With the ToC coming up next month, what are your viewing plans? Anyone making the trip down to SoCal to follow the entire race?

List some of your favorite stages and spots to view from...


----------



## CoLiKe20 (Jan 30, 2006)

work..work..work.. then see bike race on off day.


----------



## thien (Feb 18, 2004)

CoLiKe20 said:


> work..work..work.. then see bike race on off day.


What stage you gonna check out?


----------



## bari (Jan 31, 2007)

*ToC Santa Rosa*

I am going to Santa Rosa for the Feb 18 finish a few days ahead and do some riding around Forestville-Etc. Anyone familiar with the territory & what is a good ride there?


----------



## CoLiKe20 (Jan 30, 2006)

thien said:


> What stage you gonna check out?


I live in San Carlos so I will probably ride down to PA to check out the prologue. Parking that day is probably more horrible than it usually is in PA.


----------



## mike6108 (Jun 12, 2004)

I was thinking of riding up the west side of Mt. Hamilton (I've never done that climb) to cheer the boys on as they summit from the east side. Any thoughts on what time of the day they would close the road? Would hate to start the climb and then be told partway up that I can't reach the summit.


----------



## noavg55 (Jan 2, 2003)

i live in modesto so ill go see the start that day ,will try and get to pal alto but i think that might be to crazy with people.


----------



## ukiahb (Jan 26, 2003)

bari said:


> I am going to Santa Rosa for the Feb 18 finish a few days ahead and do some riding around Forestville-Etc. Anyone familiar with the territory & what is a good ride there?


LOTS of good riding, and FWIW there is a bike path from Forestville to downtown Santa Rosa

see http://go.northbay.pressdemocrat.com/clip/outdoors.cfm?activity=Cycling
for 40 rides in the area

and the local cycling club site is at srcc.com, many more rides shown with detailed directions and maps


----------



## frecciaceleste (Feb 4, 2005)

Restricted access to Mount Hamilton stage 

I have been an avid cyclist for nearly forty year's. I have always followed the pro ranks and longed for a truly great race such the Amgen Tour of California. 

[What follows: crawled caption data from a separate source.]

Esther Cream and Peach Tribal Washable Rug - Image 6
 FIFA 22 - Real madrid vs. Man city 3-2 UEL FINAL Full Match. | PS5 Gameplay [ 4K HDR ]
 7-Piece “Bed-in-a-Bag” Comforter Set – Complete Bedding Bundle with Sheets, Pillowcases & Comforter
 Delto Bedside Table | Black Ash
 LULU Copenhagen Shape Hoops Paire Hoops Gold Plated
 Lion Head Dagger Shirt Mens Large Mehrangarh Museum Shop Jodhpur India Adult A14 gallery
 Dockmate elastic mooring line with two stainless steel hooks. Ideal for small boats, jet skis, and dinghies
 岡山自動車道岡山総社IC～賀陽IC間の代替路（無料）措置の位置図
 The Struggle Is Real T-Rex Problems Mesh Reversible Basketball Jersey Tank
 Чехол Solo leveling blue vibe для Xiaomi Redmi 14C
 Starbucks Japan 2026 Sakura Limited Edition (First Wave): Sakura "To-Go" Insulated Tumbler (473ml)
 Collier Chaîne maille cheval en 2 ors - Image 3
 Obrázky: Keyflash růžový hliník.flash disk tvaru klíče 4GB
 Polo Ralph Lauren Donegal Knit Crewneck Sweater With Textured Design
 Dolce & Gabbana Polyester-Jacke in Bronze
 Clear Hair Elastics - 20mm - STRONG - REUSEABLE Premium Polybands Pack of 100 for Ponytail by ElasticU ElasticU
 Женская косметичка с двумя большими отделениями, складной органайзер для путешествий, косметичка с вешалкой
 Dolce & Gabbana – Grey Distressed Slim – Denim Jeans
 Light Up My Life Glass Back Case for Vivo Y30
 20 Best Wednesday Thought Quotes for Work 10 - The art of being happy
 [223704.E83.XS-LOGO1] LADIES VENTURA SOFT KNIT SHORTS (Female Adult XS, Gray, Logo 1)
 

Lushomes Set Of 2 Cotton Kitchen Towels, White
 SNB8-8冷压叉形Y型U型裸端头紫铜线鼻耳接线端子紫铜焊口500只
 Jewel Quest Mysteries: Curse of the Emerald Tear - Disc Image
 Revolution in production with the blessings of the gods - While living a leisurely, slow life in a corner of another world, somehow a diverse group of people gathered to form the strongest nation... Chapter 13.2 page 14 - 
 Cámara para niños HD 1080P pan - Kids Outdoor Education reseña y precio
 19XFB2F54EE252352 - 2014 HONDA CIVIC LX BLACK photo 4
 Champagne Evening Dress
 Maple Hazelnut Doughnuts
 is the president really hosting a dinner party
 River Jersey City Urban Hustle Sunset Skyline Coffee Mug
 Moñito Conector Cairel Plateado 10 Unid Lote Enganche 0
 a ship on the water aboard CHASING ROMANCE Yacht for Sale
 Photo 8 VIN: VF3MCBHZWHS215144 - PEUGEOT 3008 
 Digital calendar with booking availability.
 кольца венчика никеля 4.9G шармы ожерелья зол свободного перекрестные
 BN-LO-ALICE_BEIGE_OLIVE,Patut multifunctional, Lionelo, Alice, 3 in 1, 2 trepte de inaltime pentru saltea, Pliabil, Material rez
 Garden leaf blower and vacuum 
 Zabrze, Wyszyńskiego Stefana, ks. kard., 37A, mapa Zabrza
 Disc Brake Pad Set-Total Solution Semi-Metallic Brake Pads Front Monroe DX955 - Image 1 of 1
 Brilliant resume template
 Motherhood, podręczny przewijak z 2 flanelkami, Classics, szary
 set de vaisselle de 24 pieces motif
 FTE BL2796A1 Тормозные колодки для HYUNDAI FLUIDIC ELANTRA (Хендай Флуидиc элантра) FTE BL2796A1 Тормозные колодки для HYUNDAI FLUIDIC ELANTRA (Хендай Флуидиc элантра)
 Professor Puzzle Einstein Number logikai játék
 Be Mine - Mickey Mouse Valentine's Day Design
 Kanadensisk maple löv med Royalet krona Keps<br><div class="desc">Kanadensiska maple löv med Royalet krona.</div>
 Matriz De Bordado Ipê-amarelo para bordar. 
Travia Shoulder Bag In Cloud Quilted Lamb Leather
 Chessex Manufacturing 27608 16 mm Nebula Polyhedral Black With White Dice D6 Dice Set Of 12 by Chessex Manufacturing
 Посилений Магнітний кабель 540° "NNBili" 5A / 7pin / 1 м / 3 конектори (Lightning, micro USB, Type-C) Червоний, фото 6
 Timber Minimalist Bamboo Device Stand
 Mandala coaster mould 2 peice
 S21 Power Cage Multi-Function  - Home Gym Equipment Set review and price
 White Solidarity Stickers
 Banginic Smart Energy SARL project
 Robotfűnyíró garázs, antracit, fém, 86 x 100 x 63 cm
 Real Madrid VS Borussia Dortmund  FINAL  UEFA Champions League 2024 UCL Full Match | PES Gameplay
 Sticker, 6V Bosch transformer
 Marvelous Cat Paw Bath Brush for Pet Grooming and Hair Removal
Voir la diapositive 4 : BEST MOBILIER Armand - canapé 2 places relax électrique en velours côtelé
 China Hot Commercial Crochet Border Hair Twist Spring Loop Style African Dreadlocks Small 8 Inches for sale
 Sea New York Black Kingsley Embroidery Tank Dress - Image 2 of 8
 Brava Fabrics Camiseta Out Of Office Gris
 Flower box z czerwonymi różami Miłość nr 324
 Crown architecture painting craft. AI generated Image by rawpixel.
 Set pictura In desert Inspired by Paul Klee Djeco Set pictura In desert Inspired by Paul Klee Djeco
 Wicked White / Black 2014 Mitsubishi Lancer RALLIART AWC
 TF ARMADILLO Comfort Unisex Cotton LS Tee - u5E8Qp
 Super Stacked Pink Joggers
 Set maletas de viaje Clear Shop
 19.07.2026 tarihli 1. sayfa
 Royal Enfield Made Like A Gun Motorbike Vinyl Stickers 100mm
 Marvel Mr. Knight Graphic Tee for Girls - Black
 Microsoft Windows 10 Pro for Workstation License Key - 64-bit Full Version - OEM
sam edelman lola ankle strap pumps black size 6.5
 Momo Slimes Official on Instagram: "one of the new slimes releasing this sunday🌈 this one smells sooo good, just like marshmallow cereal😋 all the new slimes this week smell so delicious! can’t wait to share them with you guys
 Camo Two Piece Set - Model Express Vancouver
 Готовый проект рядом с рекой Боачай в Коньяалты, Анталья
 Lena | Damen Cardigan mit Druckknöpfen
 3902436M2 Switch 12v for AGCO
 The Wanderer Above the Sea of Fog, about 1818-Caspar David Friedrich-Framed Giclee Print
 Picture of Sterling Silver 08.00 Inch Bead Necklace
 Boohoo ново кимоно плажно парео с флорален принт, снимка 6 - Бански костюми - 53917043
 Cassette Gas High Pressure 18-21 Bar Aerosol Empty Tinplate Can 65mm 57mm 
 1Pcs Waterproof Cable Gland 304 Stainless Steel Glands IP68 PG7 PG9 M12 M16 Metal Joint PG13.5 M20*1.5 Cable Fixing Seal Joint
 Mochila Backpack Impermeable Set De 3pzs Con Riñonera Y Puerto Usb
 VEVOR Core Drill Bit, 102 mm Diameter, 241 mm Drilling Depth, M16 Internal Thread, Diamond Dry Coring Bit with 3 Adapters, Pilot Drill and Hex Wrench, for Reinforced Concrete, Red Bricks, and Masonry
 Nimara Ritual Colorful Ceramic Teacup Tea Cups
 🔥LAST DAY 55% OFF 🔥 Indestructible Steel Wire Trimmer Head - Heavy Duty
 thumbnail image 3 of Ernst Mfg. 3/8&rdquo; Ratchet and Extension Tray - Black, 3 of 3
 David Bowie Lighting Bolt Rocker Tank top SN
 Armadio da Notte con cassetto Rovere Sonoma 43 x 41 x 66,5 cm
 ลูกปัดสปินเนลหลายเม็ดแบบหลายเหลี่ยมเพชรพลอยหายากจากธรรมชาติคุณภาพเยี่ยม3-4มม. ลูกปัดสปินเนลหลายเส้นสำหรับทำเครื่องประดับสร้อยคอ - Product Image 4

So when the TOC was coming to my town (San Jose) a couple of years ago I was ecstatic, but at the same time I wondered why the tour didn't climb over Mt. Hamilton. A stage over that brute could certainly level the playing field among the racers. When I heard the announcement last year that in fact it was going too really, happen I was beside myself. 

Then I read a recent NCNCA blog that we the spectators would be restricted access, I said this cannot be. We will not be able to view the race up close on one of the great climbs in the bay area if not California. 

First and foremost, this is professional bike race and if they want to promote it and have it become a truly great race, they need to make it personal not some still shots and Helicopter views from afar. 

People need to see the race first hand. To be able to watch a race up close, as on Sierra rd. or other vantage points on the tour is what makes people bond to the sport and come back for more.


----------